1. Movies, like music, are often mentally categorized by the time in your life when you first saw them/became obsessed with them/finally gave in and bought a copy. This reminds me fondly of that scene in
High Fidelity wherein you see him feverishly re-organizing his vinyl.
Oh, that was every scene. Right.
Yes, that guy reminds me a lot of me. Only, I don't have an extensive collection of records. Mp3s, yes. Those I can categorize in many ways simultaneously because of the
miracle of the digital playlist. But I digress. Back to movies.
2. I really do prefer to laugh. You see, as I was making this list, I wanted to include the films that I appreciate--even love--for their darkness:
Apocalypse Now, The Shining, Taxi Driver. You know. But realizing that my profile would only show 20 forced me to prioritize. Sure, I cheated a bit by listing the original
Star Wars trilogy as one, as well as the
Lord of the Rings trilogy and anything Monty Python. But those are special cases. As I began cutting and pasting and ordering, I realized that the ones I really had to have at the top of the list were films that made me happy. Not with their cinematography, or their dark message, or their intense acting. No, just films that overall caused me to be in a happy state.
The Princess Bride makes me happy.
Wedding Crashers made me happy. (Well, up until the end of that long weekend. Then the film started to drag.)
3. And those happy films can be divided into three categories: the ones I watched and re-watched as a kid. The ones that defined the time I spent trying to figure out who the hell I was going to be. And everything else.
When I Was a KidI'm not sure exactly where the dividing line is, but I know that my childhood was somehow defined in relation to these movies (some of which actually didn't make the cut, but are still close to my heart):
Goonies, Back to the Future, Grease,
Close Encounters of the Third Kind, the original
Star Wars trilogy
. The Karate Kid, Weird Science, Jaws, Explorers...
Saturday Night Fever. (Hey, I grew up in Brooklyn. And that's a damn good movie. "Hey, would ja just watch the hair!")

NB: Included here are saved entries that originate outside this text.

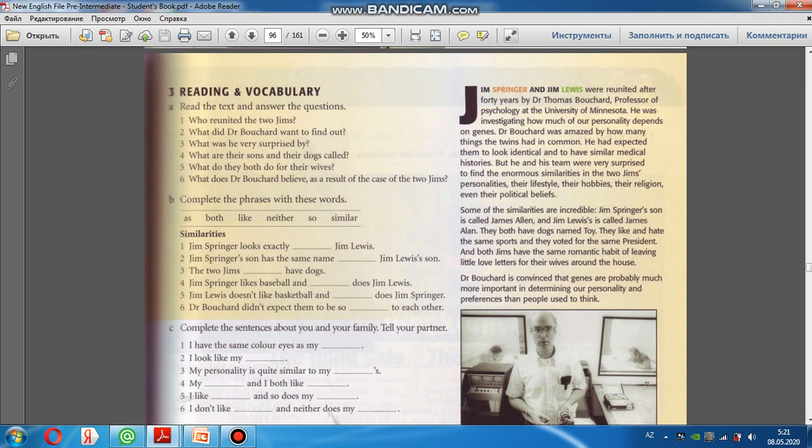James Springer looks exactly like James Lewis. We have to choose one of the words in here. Buradakı sözlərdən birini seçməliyik. Bu cümlə belə tərcümə edilməlidir ki, James Springer tamən Jim Lewis'ə oxşayır. Oxşamaq fiili ingilis dilində look like ifadəsidir. Deməli burada like olacaq. Look exactly like.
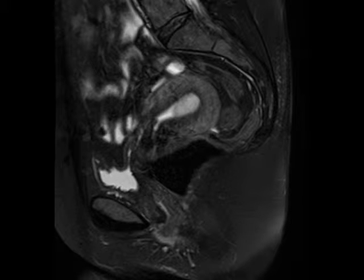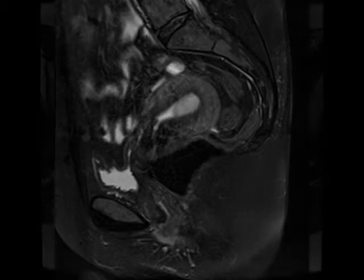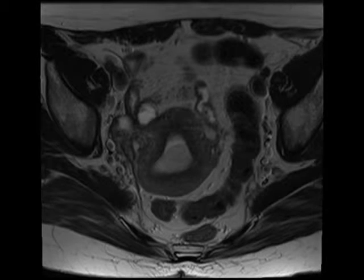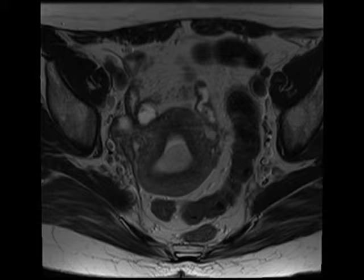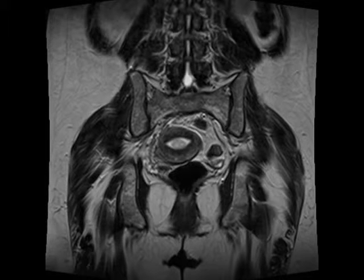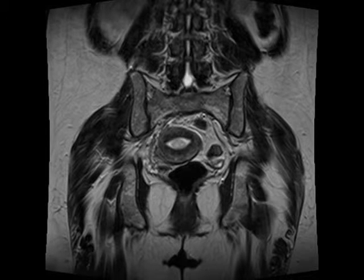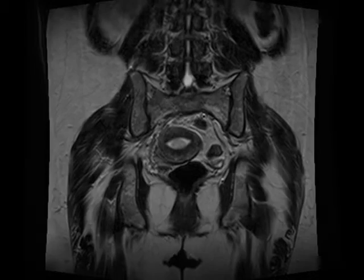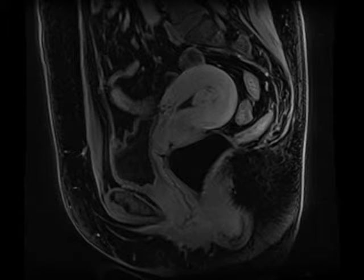Here's a nice example of an endometrial polyp on MRI. On the T2-weighted images you can see there is clearly distension of the endometrium, particularly near the fundus, and there appears to be a discrete T2 hyperintense mass that demonstrates somewhat heterogeneous but still relatively avid enhancement on the post-contrast images.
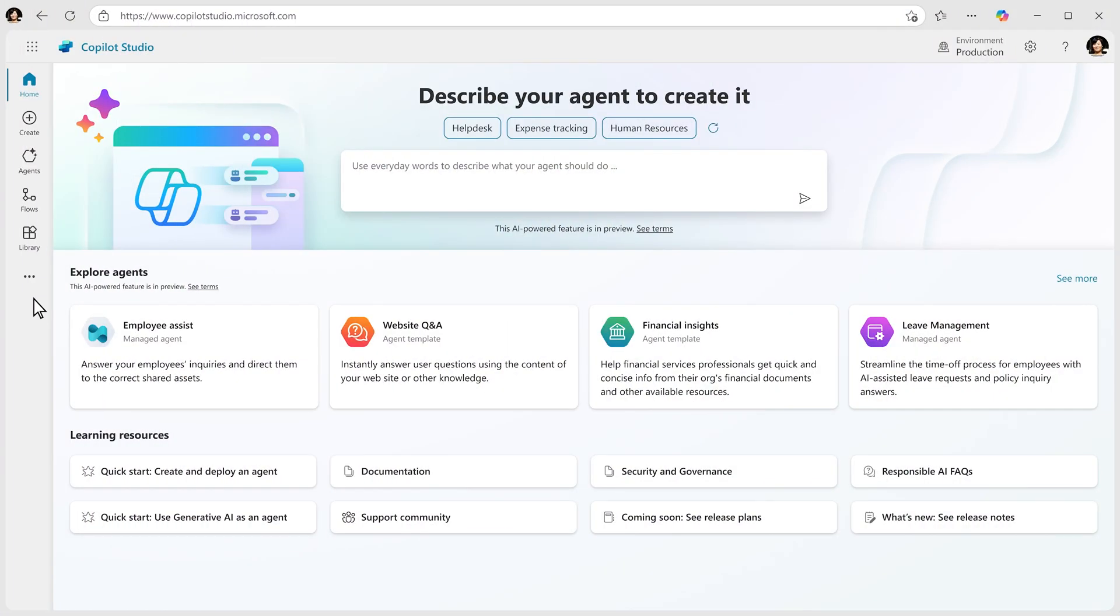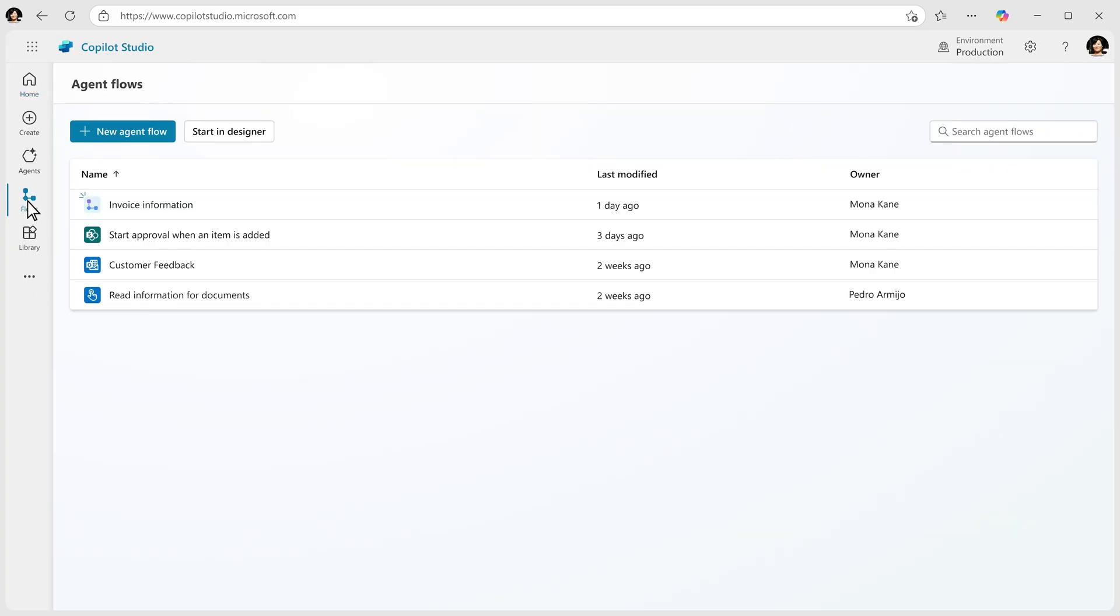Copilot Studio is where you build agents. Now you can also use it to build agent flows to automate your business processes in a predictable way. Say that you want to triage customer feedback.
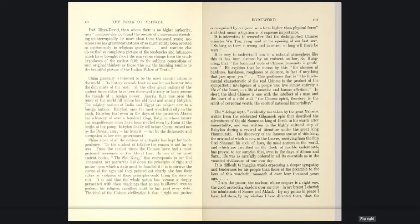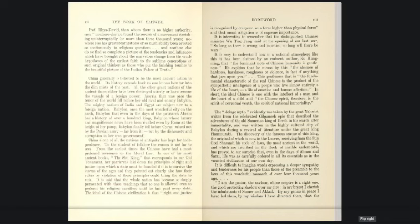The deluge myth evidently was taken by the great Yahwist writer from the celebrated Gilgamesh epic that described the adventures of the old Sumerian king of Erech in the search after immortality, and was written in the highly cultural city of Babylon during a revival of literature under the great king Hammurabi. Now, this deluge myth claim - we believe the same, that all those biblical stories were adopted and adapted from the Sumerians, the Babylonians, etc. But eventually, not so long ago, we found out no, it's the other way around. First there were these Hebrews, the Awa, with their languages and their stories, their accounts, and then these others adopted and adapted their language and along with it, their stories.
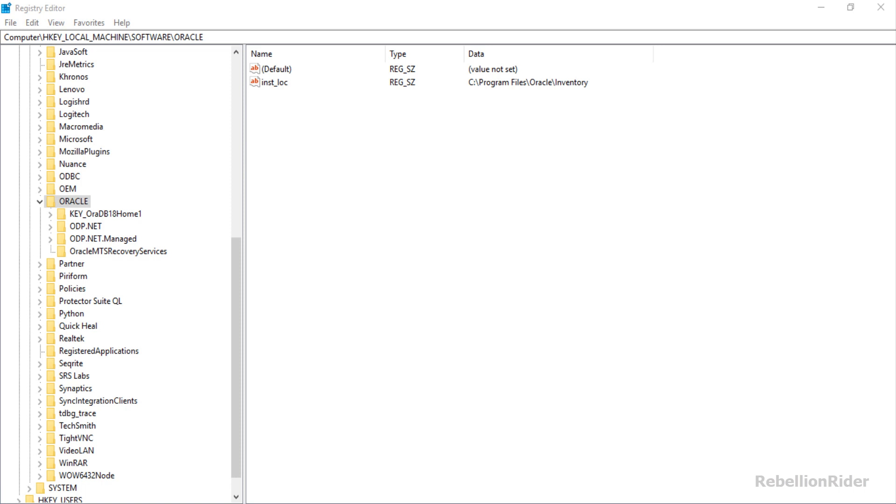Next you don't need to expand this directory. You simply have to select it. As soon as you select this directory registry editor will show you all the registry keys and the values this directory contains and that's all what we want.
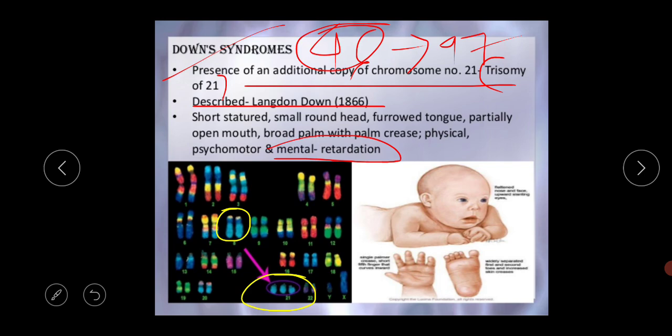Down syndrome is found more commonly in children born to older mothers aged 35 to 40 years. This type of meiotic abnormality is not expected to run in families, but sometimes familial Down syndrome appears due to translocation of a major part of chromosome 21 to chromosome 14, which is also called Robertsonian translocation. The 47th chromosome results because the 21st chromosome passes into gametes without separating during meiosis, so two sets are transmitted instead of one.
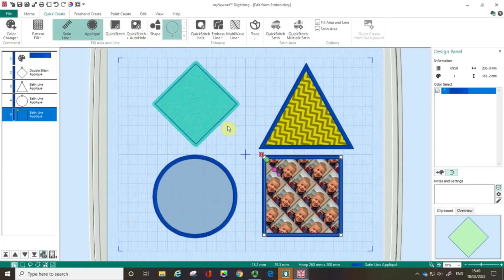Hopefully you can see how much control you've got over creating your own applique designs within the MySewNet Embroidery software. If you found this a useful film, please give us a thumbs up, and don't forget to subscribe so we can help you get started with digitizing using the MySewNet Embroidery software. Happy sewing!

I'll grant you, people being eaten alive by a great white, or falling to their death from the Verrazzano Bridge aren't heartwarming sights, but the films overall make me feel warm and fuzzy--reminding me of the days when there were really only seven television stations to choose from. As do the classics that I learned to appreciate as they were played and replayed on tv--
West Side Story and
Breakfast at Tiffany's being two of my favorites.
Sometimes, if you're really lucky and I'm feeling particularly dramatic, you can catch me performing Maria's monologue. "How many bullets? How many bullets, Chino?" Oh, my family just
looooooooves that.
The Who Am I? YearsFour of my "who am I?" years, the ones I spent in college, were also spent working at a movie theater, so for me movies are somehow doubly-definitive of that time, if that is semantically possible. From 1993-1997 I saw just about every film that came out in wide release. Really, I'm not exaggerating. There were times that I literally had seen every film out (in wide release.)

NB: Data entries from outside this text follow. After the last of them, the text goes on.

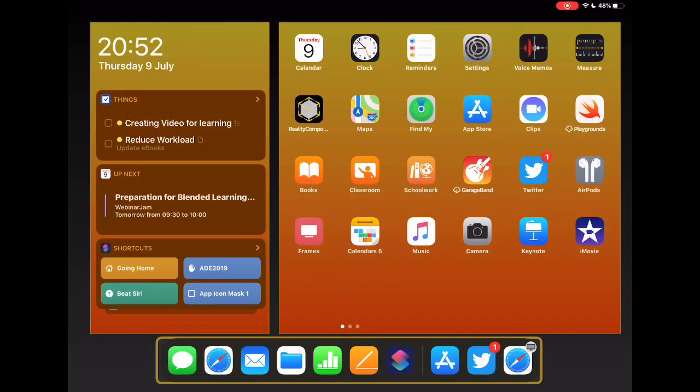So if you haven't seen yet, there's a great new set of updates to the iWork apps — Pages, Keynote, and Numbers — on both the iPad and on the Mac. Let's take a look at some of those updates in Numbers on the iPad.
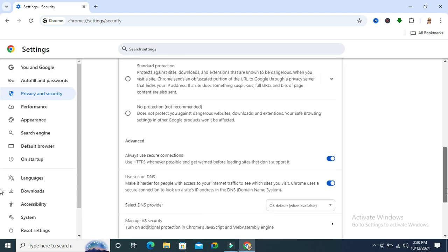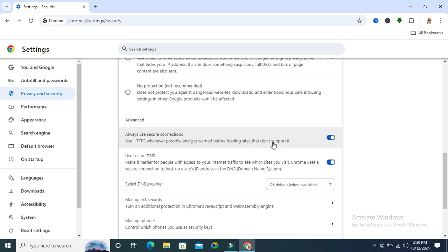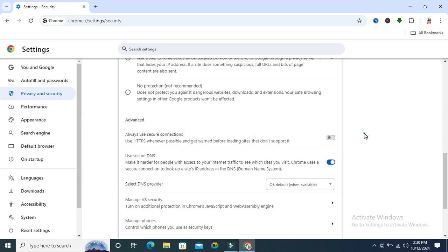Scroll down again. Under Advanced, you will find Always Use Secure Connections — use HTTPS whenever possible and get warned before loading sites that do not support it. Now it's enabled. Just click here to turn it off. Now Always Use Secure Connections is turned off in my Google Chrome browser.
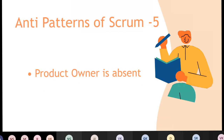The next anti-pattern is the Product Owner being absent. How many of you have faced this problem — that in your project the Product Owner is not present?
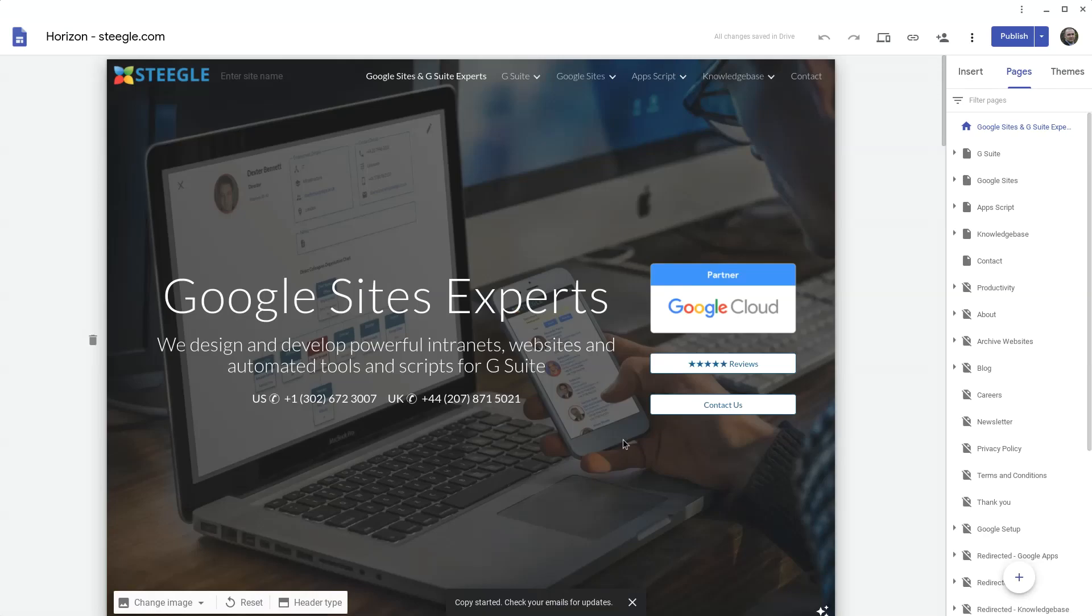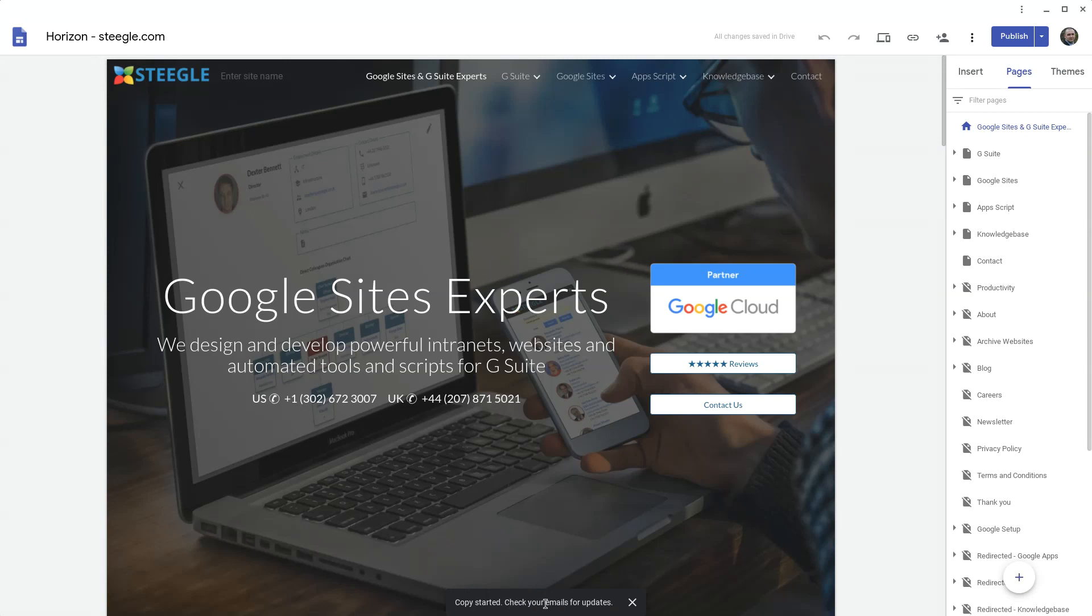As you can see here, the copy has started and we need to check emails for updates because our site is very large.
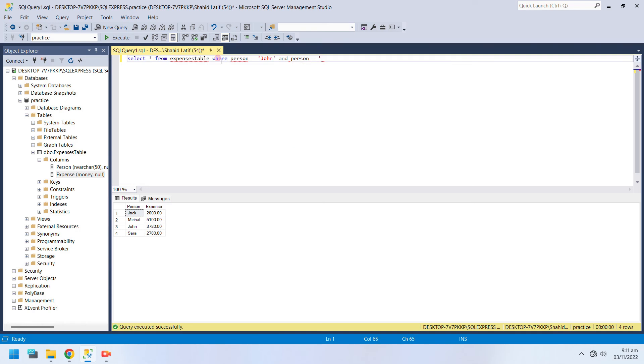You can use AND, OR, and NOT in a WHERE clause to filter data.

These were the movies that when I saw them, I was like "Did these people crawl inside my head or what?"
Clerks and
Reality Bites and
Kids...
And even though by this time there were considerably more television stations to choose from, there was one cheesy sci-fi thriller that my friends and I would watch whenever it turned up on one of the lesser cable stations--
Coma. Has anyone seen
Coma? By God, it is addictive in its cheese factor.

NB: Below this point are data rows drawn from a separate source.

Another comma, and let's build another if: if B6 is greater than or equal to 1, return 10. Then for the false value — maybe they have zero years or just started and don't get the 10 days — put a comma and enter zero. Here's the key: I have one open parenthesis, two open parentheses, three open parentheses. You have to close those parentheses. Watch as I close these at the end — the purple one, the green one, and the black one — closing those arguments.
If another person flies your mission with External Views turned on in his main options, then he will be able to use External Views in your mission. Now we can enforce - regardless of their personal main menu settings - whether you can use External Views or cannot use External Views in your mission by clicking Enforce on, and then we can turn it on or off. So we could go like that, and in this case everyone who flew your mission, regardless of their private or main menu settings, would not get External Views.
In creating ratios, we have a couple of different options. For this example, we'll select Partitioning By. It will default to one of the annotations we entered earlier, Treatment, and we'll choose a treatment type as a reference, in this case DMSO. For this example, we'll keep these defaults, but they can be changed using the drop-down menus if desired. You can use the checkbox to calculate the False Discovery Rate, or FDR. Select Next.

BeyondIf I don't know where the dividing line is between my childhood and beyond, then I definitely can't pinpoint the border between those days and these days. But I do know that there have been a handful of filmmakers that always make me feel as if someone out there either "gets me" or "knows how to entertain me, thank God." Running through the list in my brain, I wish there were some women! I don't love every thing about every one of each of these guys' films, but in my new-found spirit of appreication and validation, I'm just going to put the list out there.
My thanks to: Cameron Crowe, P.T. Anderson, Guy Ritchie, Ben Stiller, Kevin Smith, the Coen Brothers.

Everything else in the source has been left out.